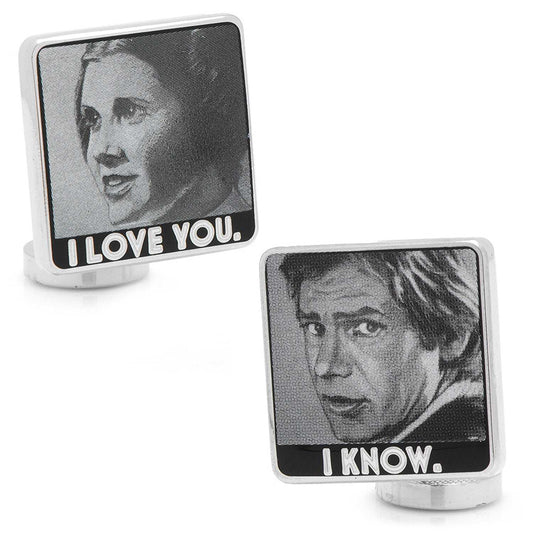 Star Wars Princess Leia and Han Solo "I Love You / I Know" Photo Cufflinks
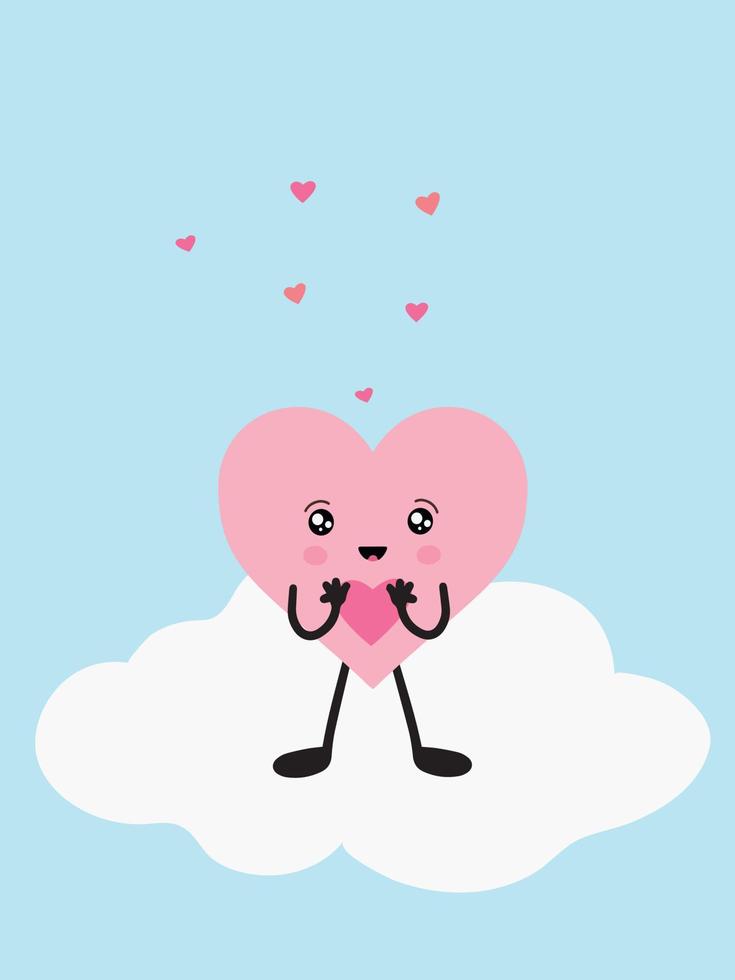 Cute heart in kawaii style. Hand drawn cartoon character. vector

* * *

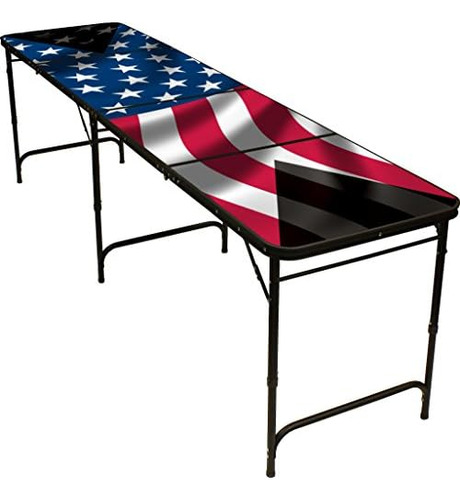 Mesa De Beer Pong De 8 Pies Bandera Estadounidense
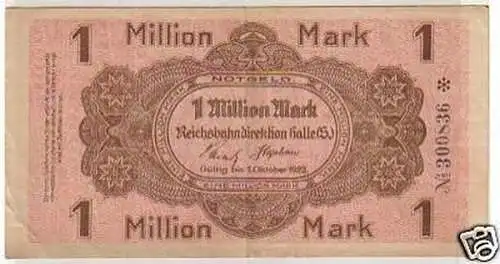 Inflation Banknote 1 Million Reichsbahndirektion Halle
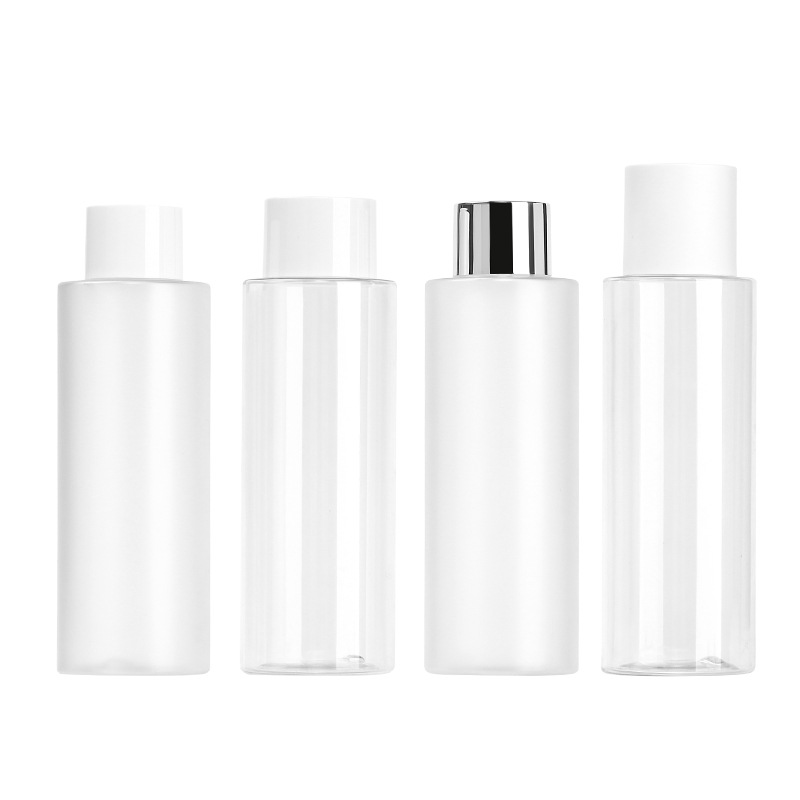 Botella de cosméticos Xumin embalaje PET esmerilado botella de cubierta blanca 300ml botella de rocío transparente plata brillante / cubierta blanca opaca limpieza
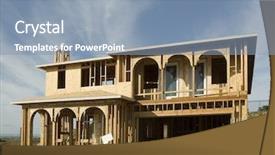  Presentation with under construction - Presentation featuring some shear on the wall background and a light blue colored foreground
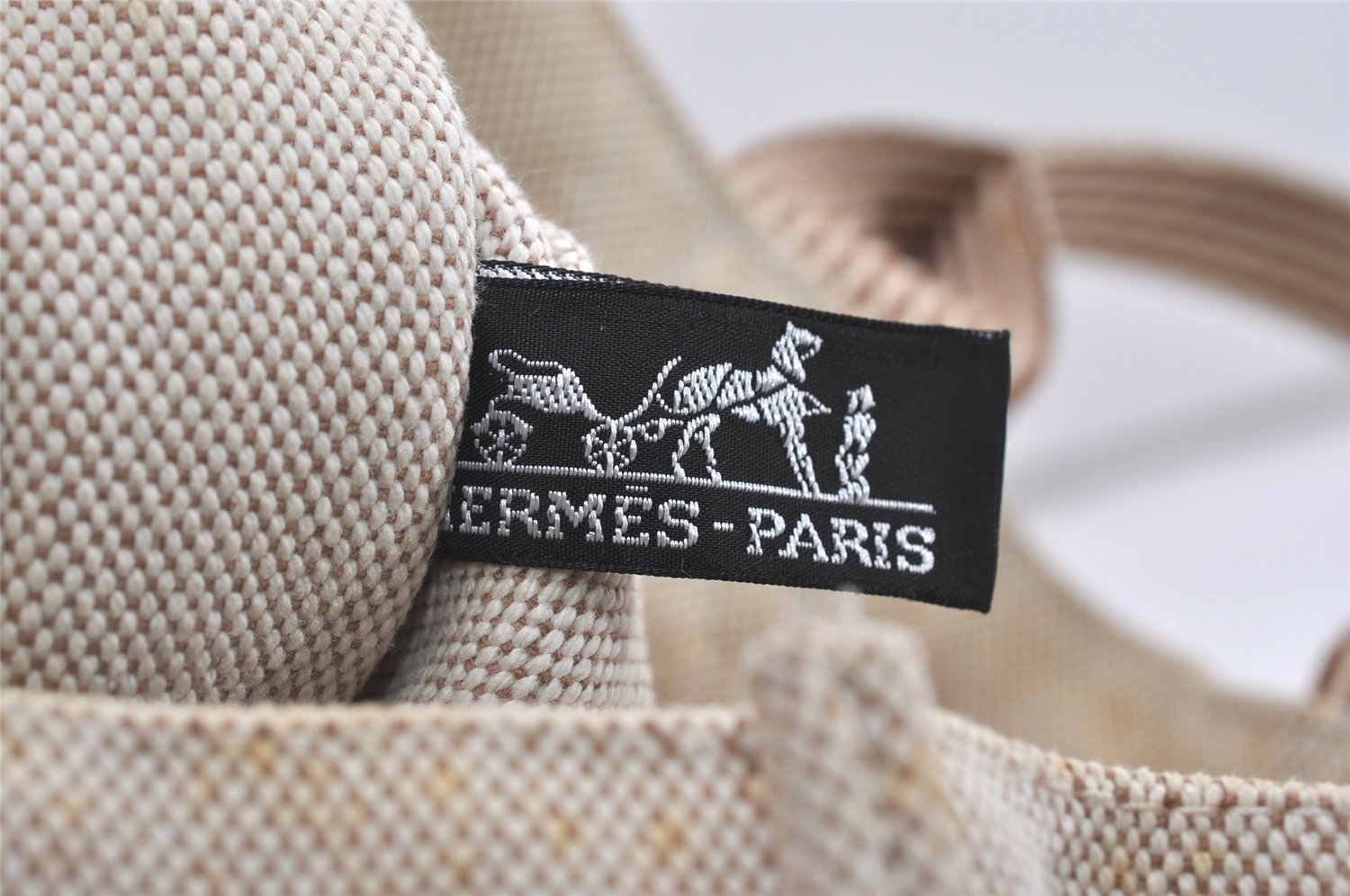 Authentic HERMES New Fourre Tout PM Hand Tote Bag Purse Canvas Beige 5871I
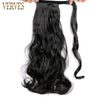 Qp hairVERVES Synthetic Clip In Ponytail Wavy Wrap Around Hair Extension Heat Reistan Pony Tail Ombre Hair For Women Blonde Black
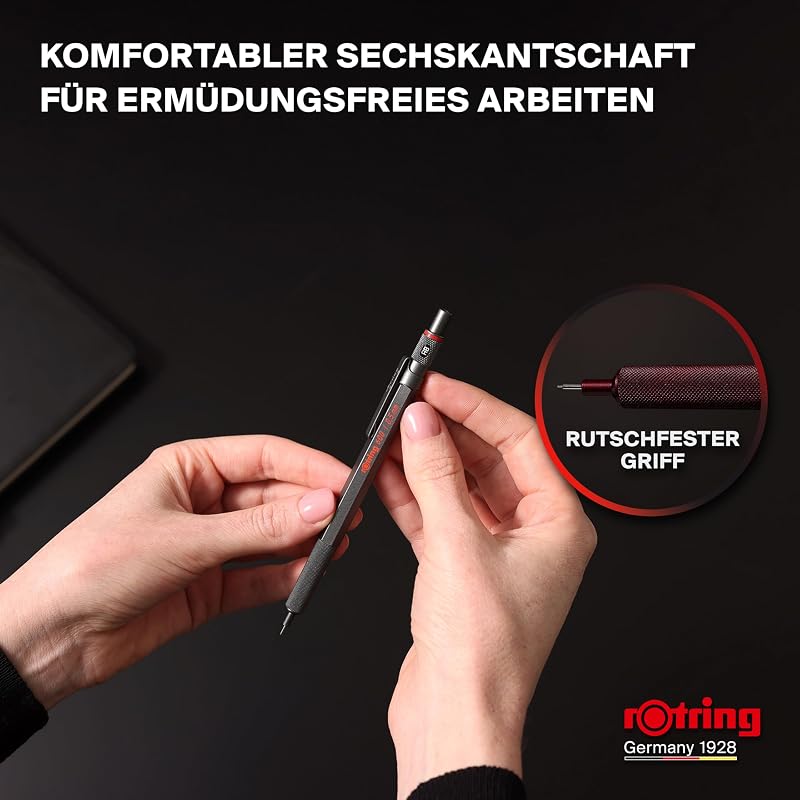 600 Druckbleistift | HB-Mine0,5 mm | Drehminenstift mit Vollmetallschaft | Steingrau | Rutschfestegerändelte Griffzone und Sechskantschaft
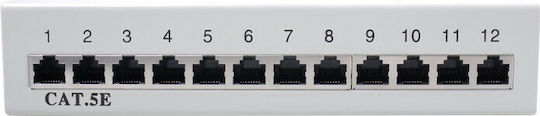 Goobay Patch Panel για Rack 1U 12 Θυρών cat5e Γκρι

- **Exercise goal**
Take only the lines above from the one that has "Star Wars Princess" through the one that has "Cute heart in" and reproduce them exactly, omitting any pictures.

- **Solution to the problem**
 Star Wars Princess Leia and Han Solo "I Love You / I Know" Photo Cufflinks
 Cute heart in kawaii style. Hand drawn cartoon character. vector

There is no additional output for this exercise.